Records from a data collection:

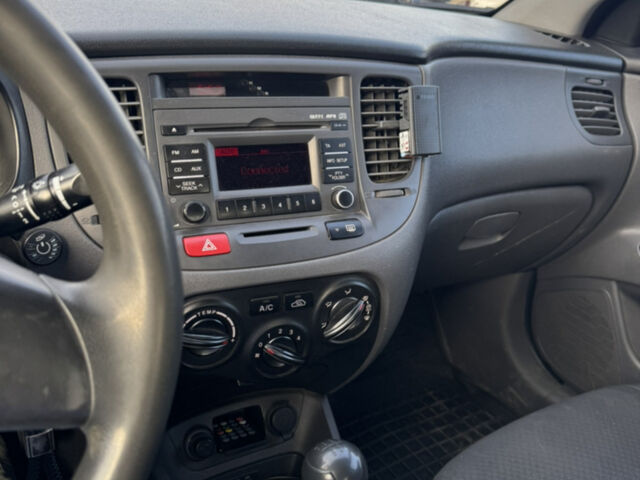 Чорний Кіа Ріо, об'ємом двигуна 1.4 л та пробігом 208 тис. км за 3900 $, фото 3 на Automoto.ua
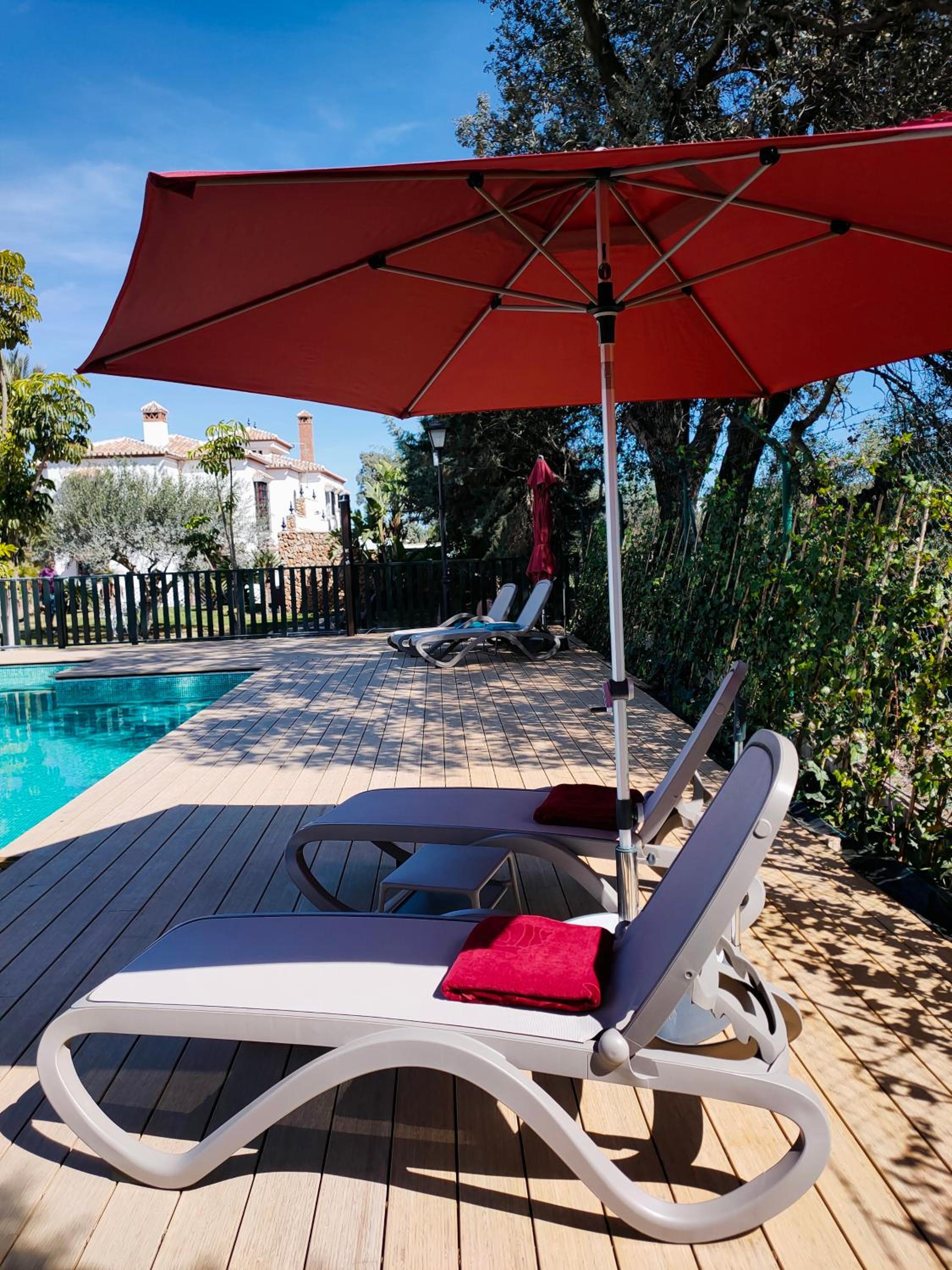 Loma Serena Luxury Villa met verwarmd zwembad en tennisbaan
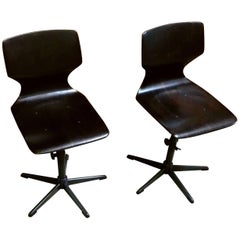 20th Century Pair of Bauhaus Styl Industrie Design Plywood Flötotto Chairs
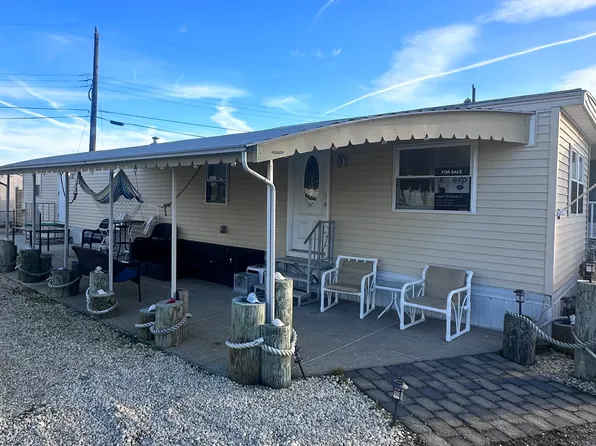 43 Diane Ave, Riverside, NJ 08075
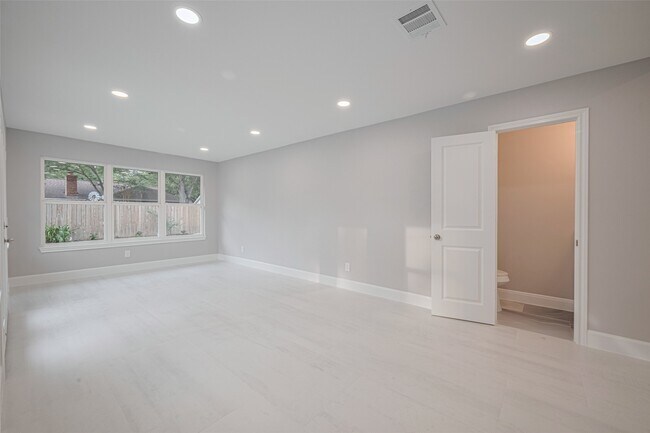 Building Photo - 8314 Burning Hills Dr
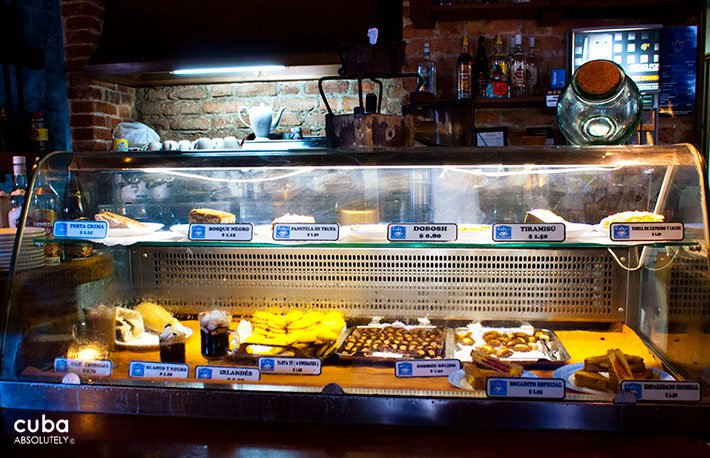 Desserts at Cafe Escorial in Old Havana © Cuba Absolutely, 2014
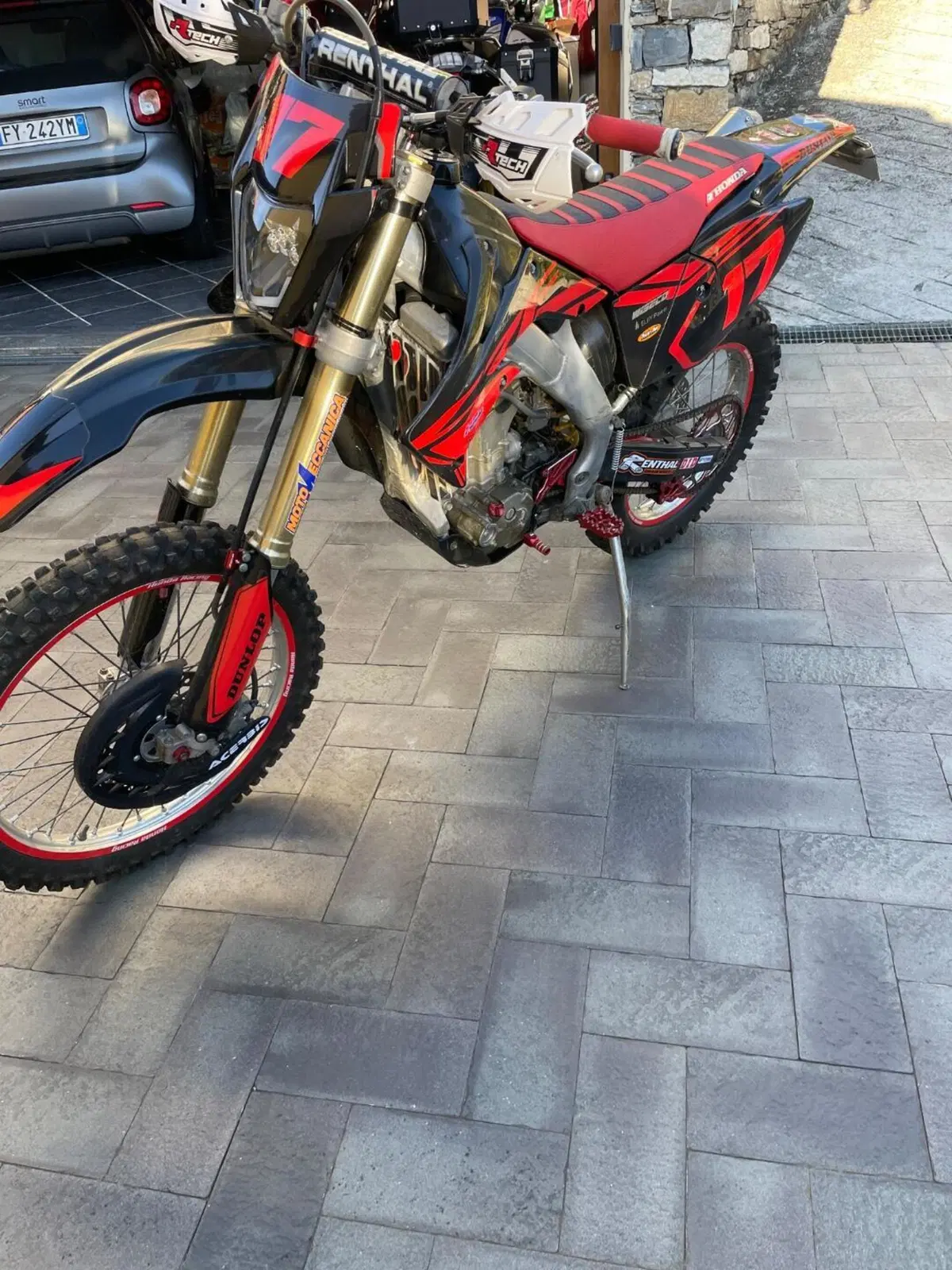 Honda CRF 250R (2005) (2)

Activity - An exact copy of the lines from the one with "Desserts at Cafe" through the end of the entries above, both included, is the whole answer. It contains no pictures.

Answer -
 Desserts at Cafe Escorial in Old Havana © Cuba Absolutely, 2014
 Honda CRF 250R (2005) (2)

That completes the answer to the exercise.